(DATA EXTRACT):
▼▼▼
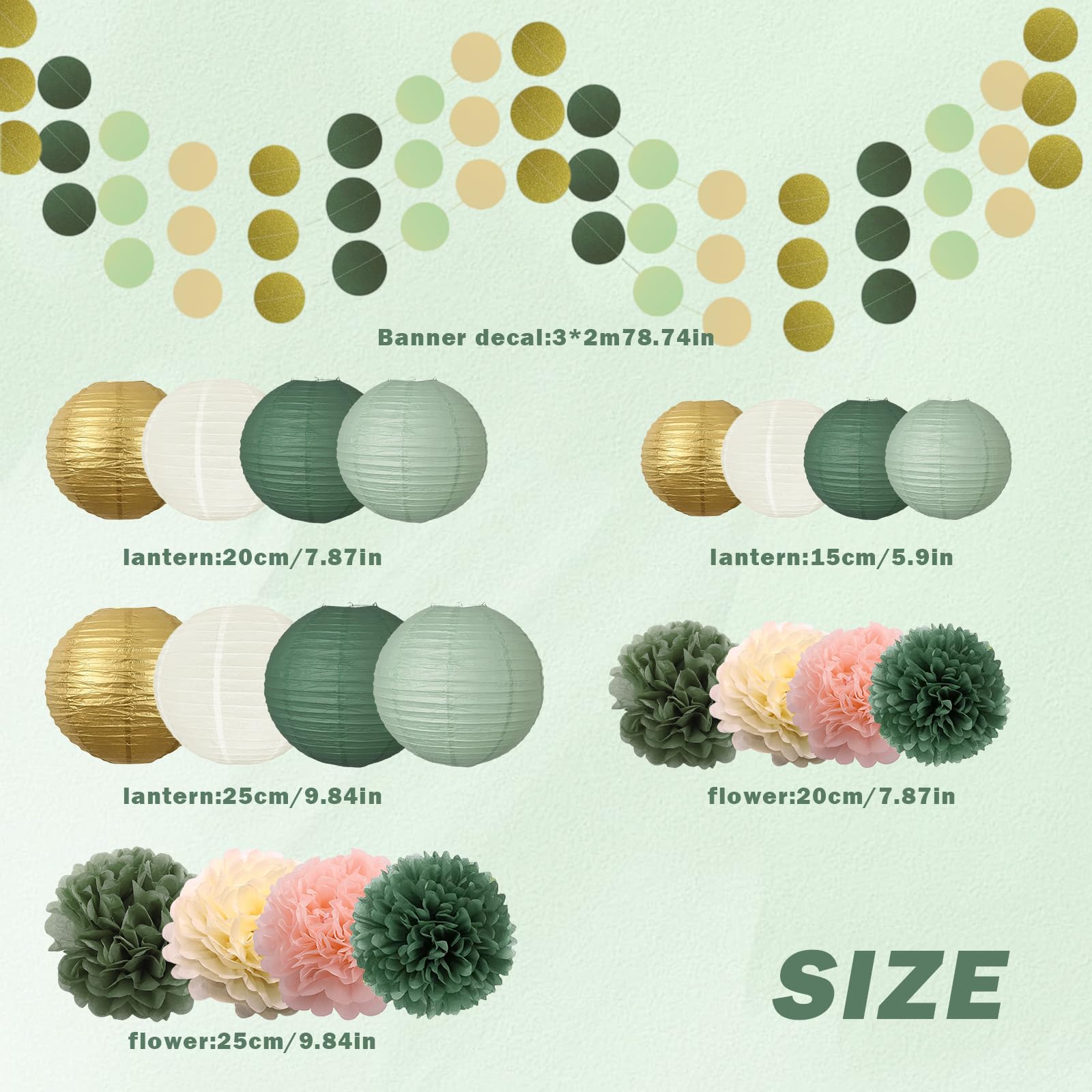 Set di 23 lanterne di carta, verde salvia e oro, lanterne rotonde di carta per sposa, decorazioni di nozze, feste di compleanno, giardino, verde salvia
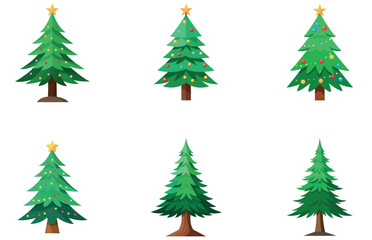 Pine Trees Vector Designs Set Clean Minimal Flat Evergreen Forest Illustrations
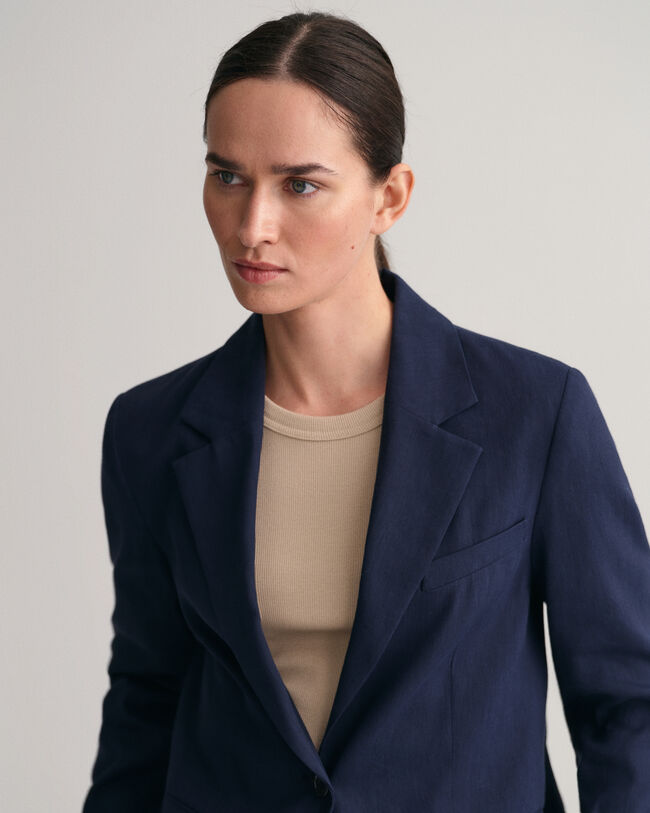 Regular Fit Stretch Linen Blazer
▲▲▲
(BRIEF): Retype the line containing "Pine Trees Vector" and all lines after it through the end of the material, exactly and only those, leaving out pictures.

(SOLUTION FOR THIS TASK):
 Pine Trees Vector Designs Set Clean Minimal Flat Evergreen Forest Illustrations
 Regular Fit Stretch Linen Blazer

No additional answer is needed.